Missing Immutable Root of Trust in Hardware
CWE-1326
Short description
Extended description
A System-on-Chip (SoC) implements secure boot by verifying or authenticating signed boot code. The signing of the code is achieved by an entity that the SoC trusts. Before executing the boot code, the SoC verifies that the code or the public key with which the code has been signed has not been tampered with. The other data upon which the SoC depends are system-hardware settings in fuses such as whether "Secure Boot is enabled". These data play a crucial role in establishing a Root of Trust (RoT) to execute secure-boot flows.
One of the many ways RoT is achieved is by storing the code and data in memory or fuses. This memory should be immutable, i.e., once the RoT is programmed/provisioned in memory, that memory should be locked and prevented from further programming or writes.
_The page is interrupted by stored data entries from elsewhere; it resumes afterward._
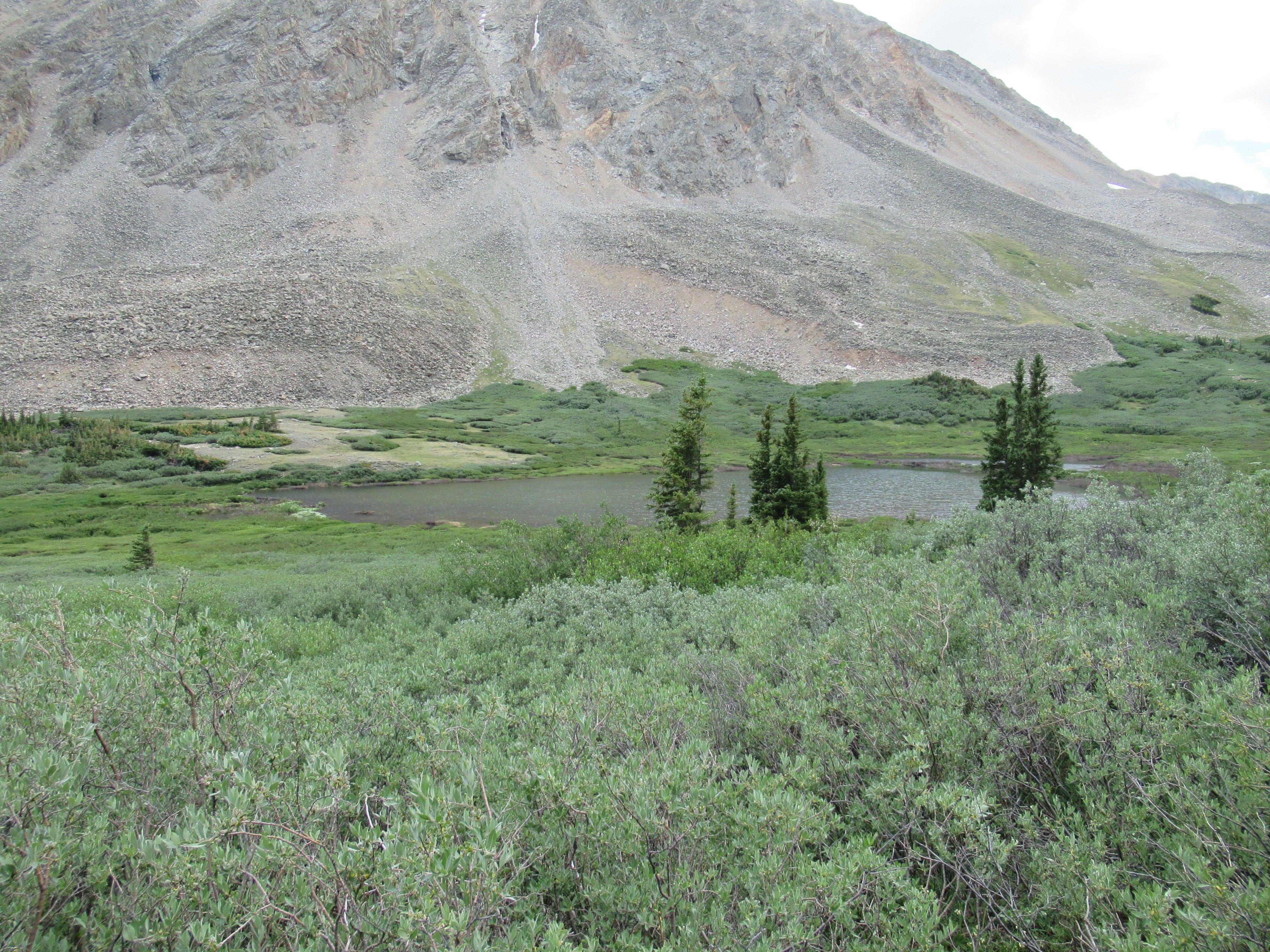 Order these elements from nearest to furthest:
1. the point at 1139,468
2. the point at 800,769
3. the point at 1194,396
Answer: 1. the point at 800,769
2. the point at 1139,468
3. the point at 1194,396

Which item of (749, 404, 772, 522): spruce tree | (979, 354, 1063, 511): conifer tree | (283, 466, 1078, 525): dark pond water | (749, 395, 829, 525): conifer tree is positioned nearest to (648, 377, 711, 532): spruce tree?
(749, 404, 772, 522): spruce tree

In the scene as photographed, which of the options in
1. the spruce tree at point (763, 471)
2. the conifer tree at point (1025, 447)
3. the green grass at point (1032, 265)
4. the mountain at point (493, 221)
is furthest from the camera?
the green grass at point (1032, 265)

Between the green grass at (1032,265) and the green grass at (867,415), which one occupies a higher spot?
the green grass at (1032,265)

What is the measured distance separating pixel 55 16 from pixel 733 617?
197m

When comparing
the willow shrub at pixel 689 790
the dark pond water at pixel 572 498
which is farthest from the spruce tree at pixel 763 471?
the willow shrub at pixel 689 790

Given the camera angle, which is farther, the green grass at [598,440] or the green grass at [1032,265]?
the green grass at [1032,265]

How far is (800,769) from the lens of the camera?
4.04m

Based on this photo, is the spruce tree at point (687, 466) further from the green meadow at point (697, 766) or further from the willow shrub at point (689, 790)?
the willow shrub at point (689, 790)

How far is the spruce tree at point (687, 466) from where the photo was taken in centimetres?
2986

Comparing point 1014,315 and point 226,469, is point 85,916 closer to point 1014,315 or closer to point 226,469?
point 226,469

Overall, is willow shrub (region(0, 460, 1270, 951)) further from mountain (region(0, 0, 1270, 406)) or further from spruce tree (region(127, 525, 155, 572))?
mountain (region(0, 0, 1270, 406))

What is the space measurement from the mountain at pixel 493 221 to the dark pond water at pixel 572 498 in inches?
1400

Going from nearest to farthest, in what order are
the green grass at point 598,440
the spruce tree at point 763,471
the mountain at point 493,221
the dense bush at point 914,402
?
the spruce tree at point 763,471 → the green grass at point 598,440 → the mountain at point 493,221 → the dense bush at point 914,402

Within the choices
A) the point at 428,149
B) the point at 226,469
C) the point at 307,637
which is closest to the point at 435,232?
the point at 428,149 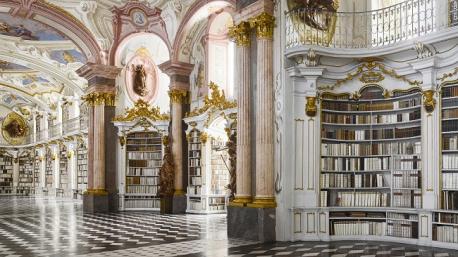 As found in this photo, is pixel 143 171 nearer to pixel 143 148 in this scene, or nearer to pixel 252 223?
pixel 143 148

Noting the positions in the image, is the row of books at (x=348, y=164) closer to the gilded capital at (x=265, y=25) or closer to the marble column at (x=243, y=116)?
the marble column at (x=243, y=116)

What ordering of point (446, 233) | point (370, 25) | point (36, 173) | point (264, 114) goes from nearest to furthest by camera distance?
point (446, 233)
point (264, 114)
point (370, 25)
point (36, 173)

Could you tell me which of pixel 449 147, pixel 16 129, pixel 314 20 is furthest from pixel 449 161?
pixel 16 129

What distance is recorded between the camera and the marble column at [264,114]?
440 inches

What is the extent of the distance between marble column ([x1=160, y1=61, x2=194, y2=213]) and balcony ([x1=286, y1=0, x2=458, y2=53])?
7.62 m

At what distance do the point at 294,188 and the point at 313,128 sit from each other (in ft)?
4.28

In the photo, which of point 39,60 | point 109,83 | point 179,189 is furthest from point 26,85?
point 179,189

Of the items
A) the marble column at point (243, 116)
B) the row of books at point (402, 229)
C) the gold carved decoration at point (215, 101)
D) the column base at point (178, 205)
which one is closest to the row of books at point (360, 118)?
the marble column at point (243, 116)

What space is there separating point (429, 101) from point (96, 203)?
13.2 m

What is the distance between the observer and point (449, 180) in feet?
33.0

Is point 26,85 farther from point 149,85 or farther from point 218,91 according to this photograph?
point 218,91

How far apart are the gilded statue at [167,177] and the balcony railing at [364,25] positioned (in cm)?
806

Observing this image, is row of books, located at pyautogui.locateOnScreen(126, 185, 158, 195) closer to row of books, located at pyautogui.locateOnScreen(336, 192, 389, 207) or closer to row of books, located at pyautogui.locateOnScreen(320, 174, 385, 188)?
row of books, located at pyautogui.locateOnScreen(320, 174, 385, 188)

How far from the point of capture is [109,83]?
20.4m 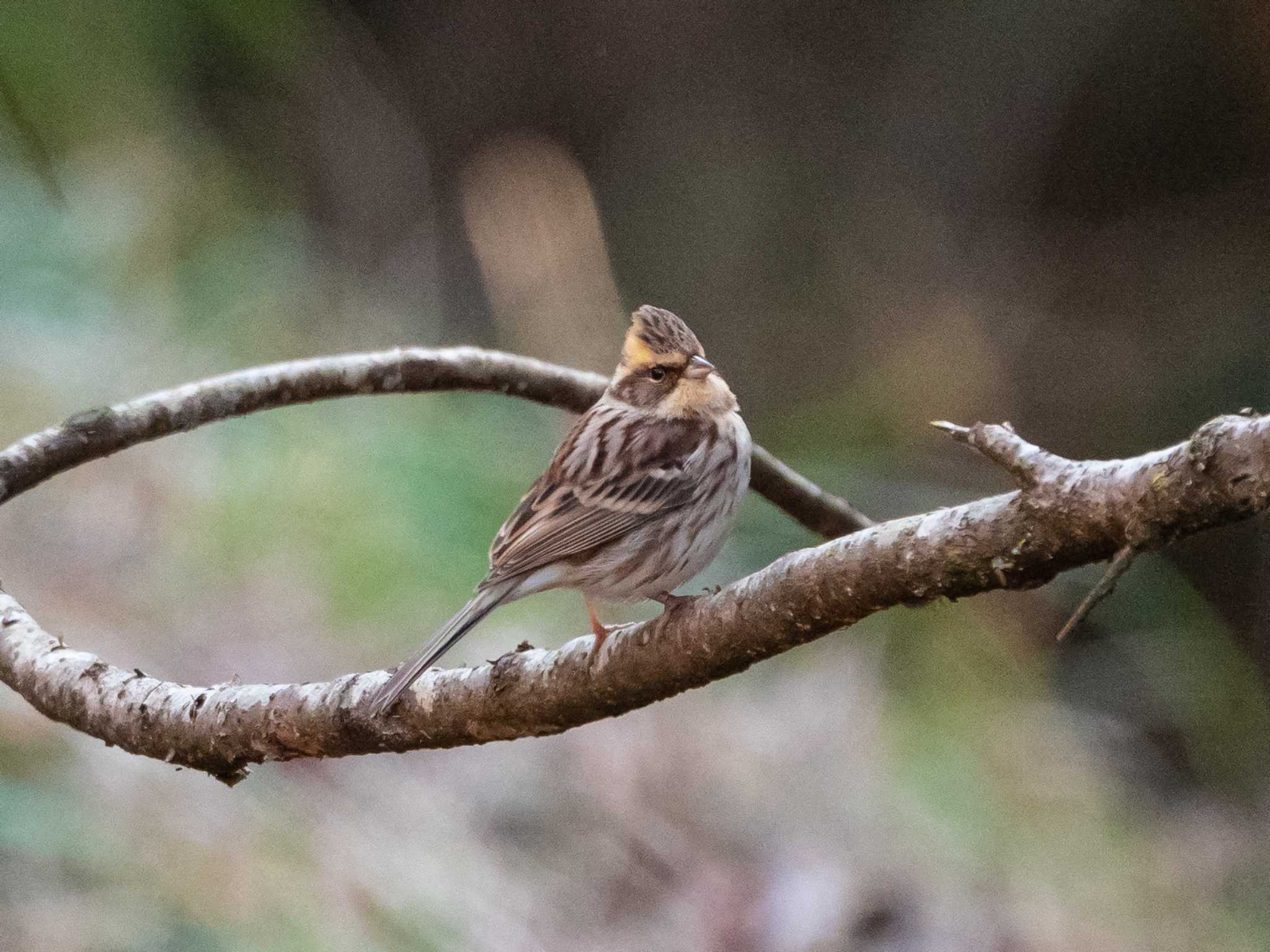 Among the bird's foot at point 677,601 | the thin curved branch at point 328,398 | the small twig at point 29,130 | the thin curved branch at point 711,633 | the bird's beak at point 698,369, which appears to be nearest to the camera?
the thin curved branch at point 711,633

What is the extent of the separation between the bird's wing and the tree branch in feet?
0.80

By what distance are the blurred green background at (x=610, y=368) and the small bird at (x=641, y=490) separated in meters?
1.43

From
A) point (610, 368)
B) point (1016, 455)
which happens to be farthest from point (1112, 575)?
point (610, 368)

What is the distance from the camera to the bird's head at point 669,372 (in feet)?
8.59

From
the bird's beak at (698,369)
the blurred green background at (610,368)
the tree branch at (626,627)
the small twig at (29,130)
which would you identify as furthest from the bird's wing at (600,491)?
the blurred green background at (610,368)

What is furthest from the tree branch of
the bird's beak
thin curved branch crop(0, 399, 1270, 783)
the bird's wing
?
the bird's beak

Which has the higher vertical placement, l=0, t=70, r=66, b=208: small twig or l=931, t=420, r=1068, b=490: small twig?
l=0, t=70, r=66, b=208: small twig

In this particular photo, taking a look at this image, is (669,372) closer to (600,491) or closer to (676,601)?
(600,491)

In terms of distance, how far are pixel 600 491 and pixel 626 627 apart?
0.71 m

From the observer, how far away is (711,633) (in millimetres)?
1703

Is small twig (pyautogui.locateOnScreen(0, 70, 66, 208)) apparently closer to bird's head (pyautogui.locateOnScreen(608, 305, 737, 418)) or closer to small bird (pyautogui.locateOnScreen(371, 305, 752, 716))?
small bird (pyautogui.locateOnScreen(371, 305, 752, 716))

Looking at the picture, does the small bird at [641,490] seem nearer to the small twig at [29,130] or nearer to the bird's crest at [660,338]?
the bird's crest at [660,338]

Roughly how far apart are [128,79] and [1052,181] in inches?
158

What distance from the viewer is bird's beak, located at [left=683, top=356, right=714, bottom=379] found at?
8.53ft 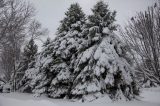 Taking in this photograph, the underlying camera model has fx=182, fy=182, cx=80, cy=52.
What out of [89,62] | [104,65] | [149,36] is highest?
[149,36]

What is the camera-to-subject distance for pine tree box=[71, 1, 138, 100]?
1176cm

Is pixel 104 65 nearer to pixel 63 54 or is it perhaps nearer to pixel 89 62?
pixel 89 62

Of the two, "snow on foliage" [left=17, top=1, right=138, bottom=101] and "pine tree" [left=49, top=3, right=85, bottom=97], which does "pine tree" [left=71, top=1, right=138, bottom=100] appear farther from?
"pine tree" [left=49, top=3, right=85, bottom=97]

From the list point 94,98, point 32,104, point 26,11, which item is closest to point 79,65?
point 94,98

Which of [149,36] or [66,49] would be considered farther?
[66,49]

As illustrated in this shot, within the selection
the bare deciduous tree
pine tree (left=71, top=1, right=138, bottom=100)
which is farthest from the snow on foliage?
the bare deciduous tree

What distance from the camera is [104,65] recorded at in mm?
11711

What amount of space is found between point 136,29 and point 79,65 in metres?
4.73

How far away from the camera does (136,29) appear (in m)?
10.8

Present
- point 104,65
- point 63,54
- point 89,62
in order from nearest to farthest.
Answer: point 104,65 → point 89,62 → point 63,54

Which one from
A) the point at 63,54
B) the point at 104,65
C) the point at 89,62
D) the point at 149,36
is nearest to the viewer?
the point at 149,36

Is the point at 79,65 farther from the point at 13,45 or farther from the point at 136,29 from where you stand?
the point at 13,45

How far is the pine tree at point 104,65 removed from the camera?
1176 centimetres

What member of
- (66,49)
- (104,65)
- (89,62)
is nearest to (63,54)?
(66,49) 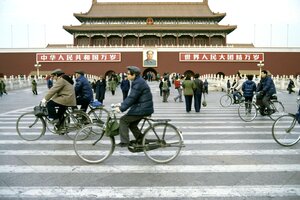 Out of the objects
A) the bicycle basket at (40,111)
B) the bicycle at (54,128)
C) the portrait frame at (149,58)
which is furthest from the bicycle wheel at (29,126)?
the portrait frame at (149,58)

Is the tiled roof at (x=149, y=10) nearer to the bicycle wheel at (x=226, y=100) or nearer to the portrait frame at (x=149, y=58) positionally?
the portrait frame at (x=149, y=58)

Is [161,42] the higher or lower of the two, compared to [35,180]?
higher

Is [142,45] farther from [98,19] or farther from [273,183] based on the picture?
[273,183]

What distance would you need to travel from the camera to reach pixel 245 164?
5.12 m

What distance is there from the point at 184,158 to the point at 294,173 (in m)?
1.69

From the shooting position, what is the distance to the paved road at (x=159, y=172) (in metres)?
3.95

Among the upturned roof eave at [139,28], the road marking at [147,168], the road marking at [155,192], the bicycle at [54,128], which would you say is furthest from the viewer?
the upturned roof eave at [139,28]

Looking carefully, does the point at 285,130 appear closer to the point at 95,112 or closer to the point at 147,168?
the point at 147,168

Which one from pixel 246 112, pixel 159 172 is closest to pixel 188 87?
pixel 246 112

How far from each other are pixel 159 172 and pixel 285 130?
287 cm

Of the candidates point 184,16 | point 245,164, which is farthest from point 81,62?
point 245,164

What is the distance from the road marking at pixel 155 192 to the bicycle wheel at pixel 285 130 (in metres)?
2.24

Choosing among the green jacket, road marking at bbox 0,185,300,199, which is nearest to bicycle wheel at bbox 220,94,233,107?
the green jacket

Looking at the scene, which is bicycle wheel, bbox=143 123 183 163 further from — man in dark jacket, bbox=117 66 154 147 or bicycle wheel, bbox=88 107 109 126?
bicycle wheel, bbox=88 107 109 126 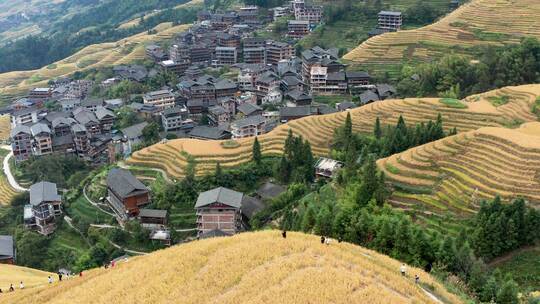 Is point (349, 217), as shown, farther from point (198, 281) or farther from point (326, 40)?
point (326, 40)

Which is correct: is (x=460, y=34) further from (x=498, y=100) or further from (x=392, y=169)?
(x=392, y=169)

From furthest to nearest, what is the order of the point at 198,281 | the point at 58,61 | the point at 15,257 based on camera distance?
the point at 58,61 < the point at 15,257 < the point at 198,281

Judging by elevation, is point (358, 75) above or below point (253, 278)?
below

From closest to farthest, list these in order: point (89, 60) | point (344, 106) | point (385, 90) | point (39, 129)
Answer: point (344, 106) < point (385, 90) < point (39, 129) < point (89, 60)

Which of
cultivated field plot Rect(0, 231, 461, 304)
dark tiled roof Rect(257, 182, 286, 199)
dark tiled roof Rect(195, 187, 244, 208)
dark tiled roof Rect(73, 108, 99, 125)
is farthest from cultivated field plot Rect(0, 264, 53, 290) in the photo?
dark tiled roof Rect(73, 108, 99, 125)

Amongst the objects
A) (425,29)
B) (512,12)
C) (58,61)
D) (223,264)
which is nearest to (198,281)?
(223,264)

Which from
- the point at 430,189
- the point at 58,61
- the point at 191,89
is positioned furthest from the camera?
the point at 58,61

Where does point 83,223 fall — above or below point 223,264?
below

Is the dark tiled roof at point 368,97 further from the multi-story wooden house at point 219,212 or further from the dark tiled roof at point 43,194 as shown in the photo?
the dark tiled roof at point 43,194

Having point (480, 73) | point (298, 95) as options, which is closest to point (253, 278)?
point (480, 73) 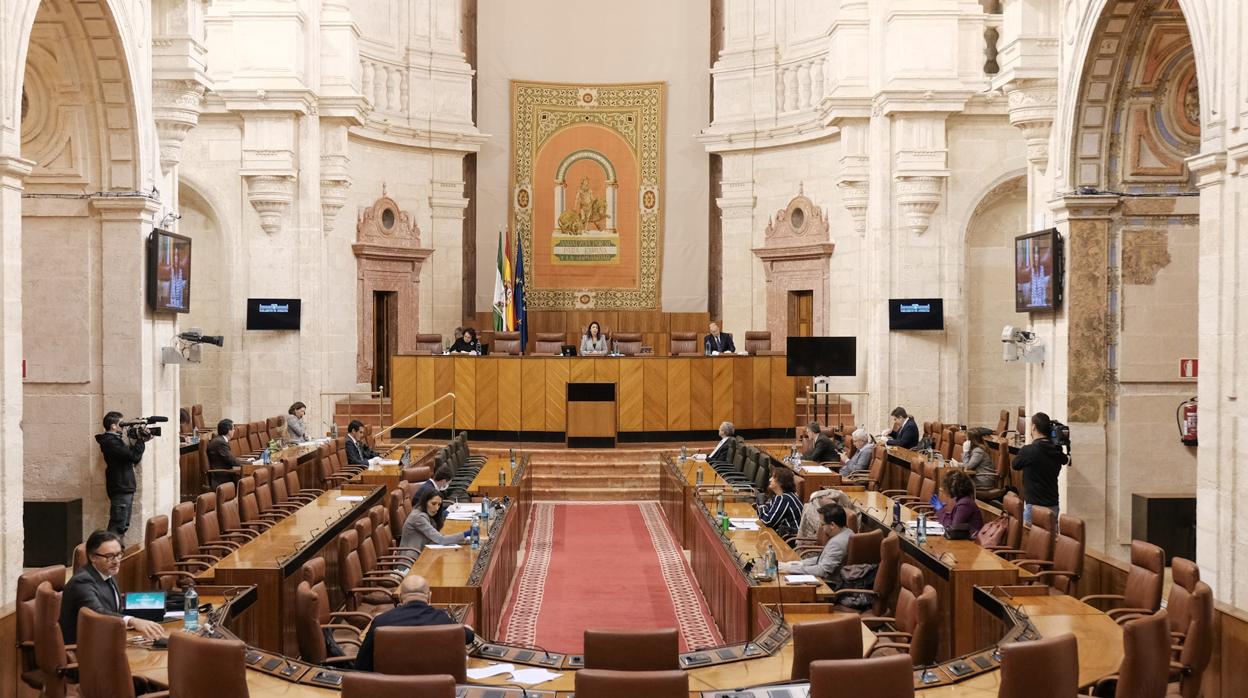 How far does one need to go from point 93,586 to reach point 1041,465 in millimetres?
7283

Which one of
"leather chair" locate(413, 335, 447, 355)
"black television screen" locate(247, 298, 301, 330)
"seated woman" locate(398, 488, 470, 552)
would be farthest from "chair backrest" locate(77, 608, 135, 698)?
"leather chair" locate(413, 335, 447, 355)

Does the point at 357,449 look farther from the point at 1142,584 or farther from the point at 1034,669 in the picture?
the point at 1034,669

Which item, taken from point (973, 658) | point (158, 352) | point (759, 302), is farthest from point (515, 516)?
point (759, 302)

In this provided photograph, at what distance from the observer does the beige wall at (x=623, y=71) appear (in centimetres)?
2284

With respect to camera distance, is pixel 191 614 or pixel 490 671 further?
pixel 191 614

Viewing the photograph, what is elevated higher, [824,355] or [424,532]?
[824,355]

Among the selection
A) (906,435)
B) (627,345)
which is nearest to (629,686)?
(906,435)

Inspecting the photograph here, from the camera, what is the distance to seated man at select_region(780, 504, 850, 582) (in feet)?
24.8

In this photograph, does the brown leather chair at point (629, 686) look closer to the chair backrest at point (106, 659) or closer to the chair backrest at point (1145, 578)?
the chair backrest at point (106, 659)

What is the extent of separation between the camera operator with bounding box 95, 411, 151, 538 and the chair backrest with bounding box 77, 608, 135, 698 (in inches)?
176

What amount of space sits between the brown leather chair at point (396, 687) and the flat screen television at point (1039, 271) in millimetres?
7790

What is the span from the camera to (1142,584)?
686cm

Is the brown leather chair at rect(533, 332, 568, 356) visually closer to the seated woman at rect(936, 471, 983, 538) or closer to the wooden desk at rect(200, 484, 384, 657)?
the wooden desk at rect(200, 484, 384, 657)

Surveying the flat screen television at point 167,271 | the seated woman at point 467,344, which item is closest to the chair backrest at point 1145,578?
the flat screen television at point 167,271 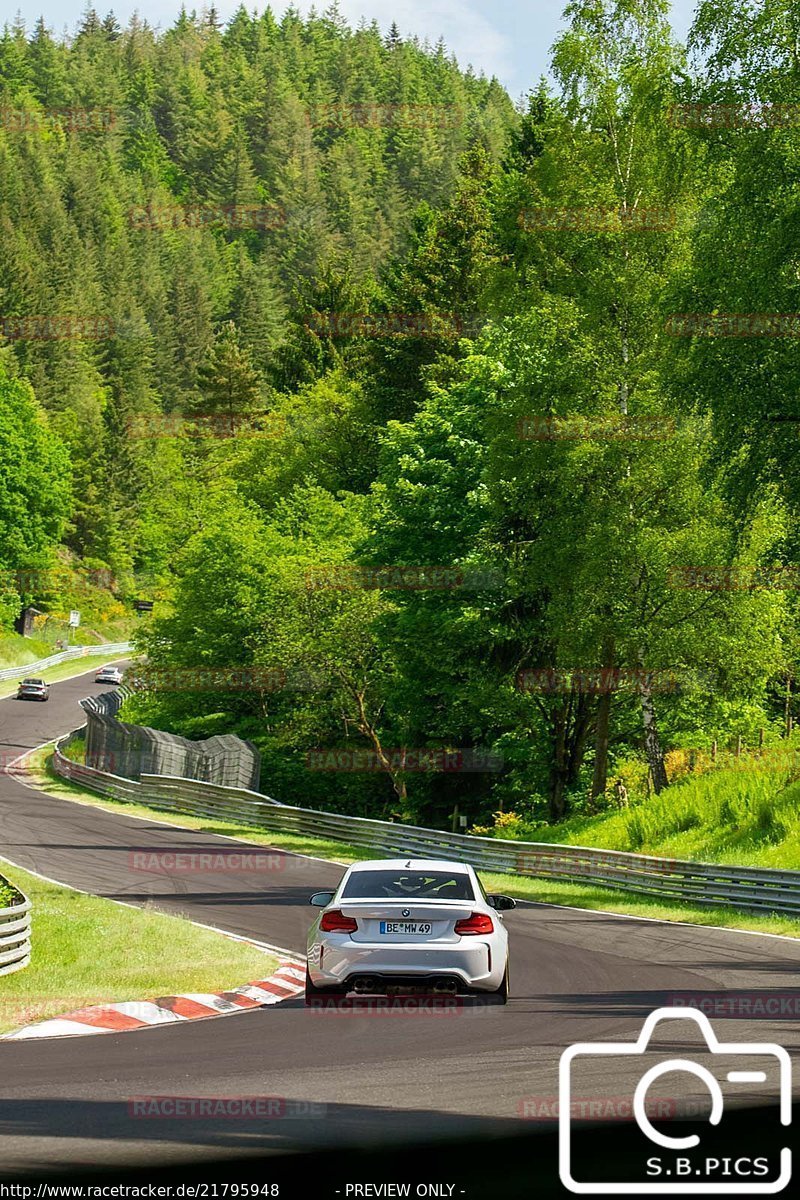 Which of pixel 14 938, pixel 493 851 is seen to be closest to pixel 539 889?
pixel 493 851

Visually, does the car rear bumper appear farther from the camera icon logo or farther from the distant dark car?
the distant dark car

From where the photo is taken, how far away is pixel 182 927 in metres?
20.6

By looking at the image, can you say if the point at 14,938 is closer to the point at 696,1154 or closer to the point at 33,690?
the point at 696,1154

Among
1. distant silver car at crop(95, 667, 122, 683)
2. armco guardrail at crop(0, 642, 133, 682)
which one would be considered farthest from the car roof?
distant silver car at crop(95, 667, 122, 683)

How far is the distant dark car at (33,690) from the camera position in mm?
83188

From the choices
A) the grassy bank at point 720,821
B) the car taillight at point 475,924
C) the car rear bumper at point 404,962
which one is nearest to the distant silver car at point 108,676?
the grassy bank at point 720,821

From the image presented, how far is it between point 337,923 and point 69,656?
101m

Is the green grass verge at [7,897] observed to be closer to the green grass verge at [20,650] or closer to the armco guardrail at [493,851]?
the armco guardrail at [493,851]

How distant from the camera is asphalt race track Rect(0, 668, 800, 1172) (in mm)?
8281

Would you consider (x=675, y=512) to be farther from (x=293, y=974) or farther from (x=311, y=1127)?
(x=311, y=1127)

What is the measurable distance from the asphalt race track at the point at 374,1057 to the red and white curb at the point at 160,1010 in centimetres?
39

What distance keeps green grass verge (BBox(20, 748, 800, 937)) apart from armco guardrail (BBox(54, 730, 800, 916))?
0.84 ft

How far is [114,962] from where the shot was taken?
16703 mm

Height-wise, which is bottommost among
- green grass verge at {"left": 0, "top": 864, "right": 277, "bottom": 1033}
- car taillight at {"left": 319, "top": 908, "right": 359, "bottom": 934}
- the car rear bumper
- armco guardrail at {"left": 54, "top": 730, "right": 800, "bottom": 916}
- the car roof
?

If the memory contents (i.e., RoT) are mutable, then an adversary can modify the RoT to execute their choice of code, resulting in a compromised secure boot.
Note that, for components like ROM, secure patching/update features should be supported to allow authenticated and authorized updates in the field.
Best practices to prevent this CWE
Phase: Architecture and Design
When architecting the system, the RoT should be designated for storage in a memory that does not allow further programming/writes.
Phase: Implementation
During implementation and test, the RoT memory location should be demonstrated to not allow further programming/writes.